Ippy and Eirwen write... The British “facilities management” company continue to expand their “public service” PFI portfolio and rake in the cash from nuclear weapons, detention centres, and hospitals. This year Aldermaston Women were joined by women involved in supporting asylum seekers.
There were some very fine questions this year. One “normal” shareholder even commented that the “board seem hostile to shareholders” and asked how many people they usually eject from meetings! A peace flag procession inside the AGM made an impact. Oustide, a lone supporter was pounced on by SOCPA-notice-wielding police within minutes of starting his one-man-with-placard protest!

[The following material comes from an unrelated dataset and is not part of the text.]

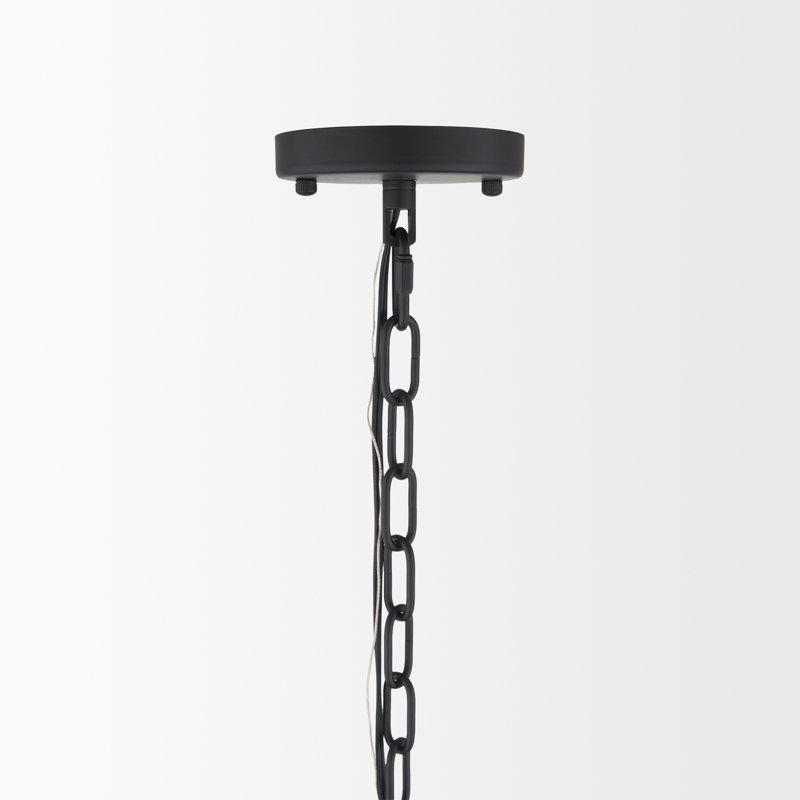 Strandquist Dimmable Sputnik Globe Chandelier, Matte Black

Noisy Joe writes... The main meeting took place in the Hague on 16 May, with a video feed to London's Novotel Hammersmith.

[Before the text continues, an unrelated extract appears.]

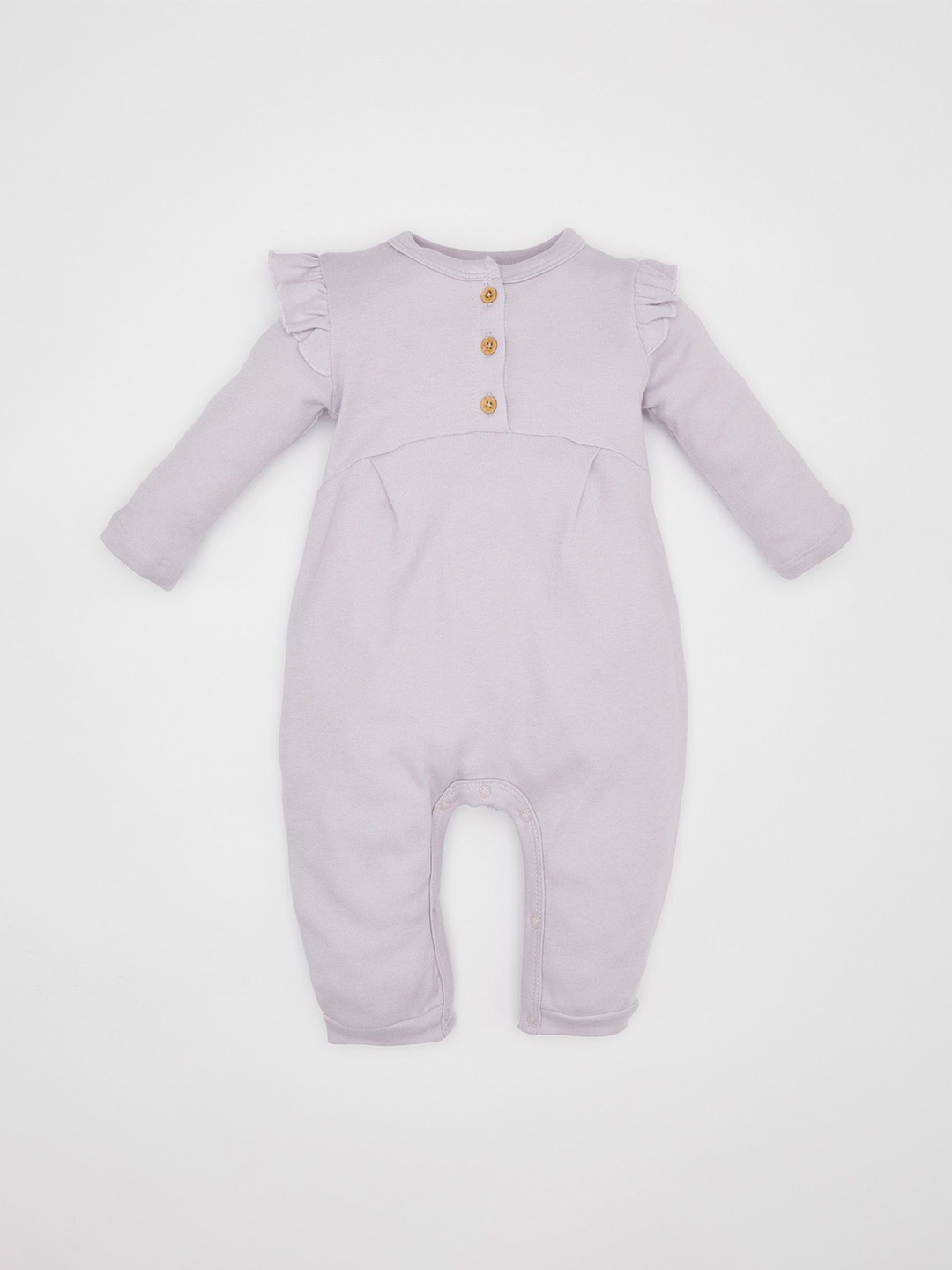 

DeFacto Girls Pure Cotton Romper, Lavender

I got in, while others from Rising Tide stayed outside to leaflet shareholders and passers-by, and I then sat through interminable questions about whether the management was overpaying itself in order to have a chance to take the microphone. But before I had my turn, there were some good interventions from members of communities living right next to highly polluting and dangerous facilities.
Hours into the meeting, I finally stood up and said something like “We've been hearing today from the CEO about the company's commitment to expanding massively its production of oil and gas, which is the absolute antithesis of sustainability” [He actually said an awful lot more! See http://www.indymedia.org.uk/en/2 005/05/340739.html].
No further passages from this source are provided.